Brooks rocketed to fame with 2000’s Bobos in Paradise, a hilarious and prescient look at America’s new bourgeois-bohemian elite. And last night, in a prelude to the Social Animal discussion, he was at his old best scattershooting at the Bobos: How, for example, it’s OK for them to drive a “luxury” car like a Volvo or a Saab–”so long as it’s from a country that’s hostile to U.S. foreign policy.” Then, unfortunately, he launched into this long discussion of some woman named Erica–apparently this is a character he made up for the new book–who was empathetic and purposeful and who used her emotions to … do something sort of important with her life, but it wasn’t really clear what it was.
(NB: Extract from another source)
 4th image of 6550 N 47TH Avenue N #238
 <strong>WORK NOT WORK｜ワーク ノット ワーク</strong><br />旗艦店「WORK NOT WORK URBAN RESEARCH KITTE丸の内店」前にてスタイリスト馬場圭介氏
Sensitivity and our unconscious thoughts are too often ignored, I believe Brooks was saying, and if we don’t make public policies that speak to “our central emotional natures,” it’s, well, it’s going to be too bad for us.

When he was finished, a questioner asked–rightly I thought–for Brooks to please give an example of how public policy would be smarter if only we would address our emotional natures.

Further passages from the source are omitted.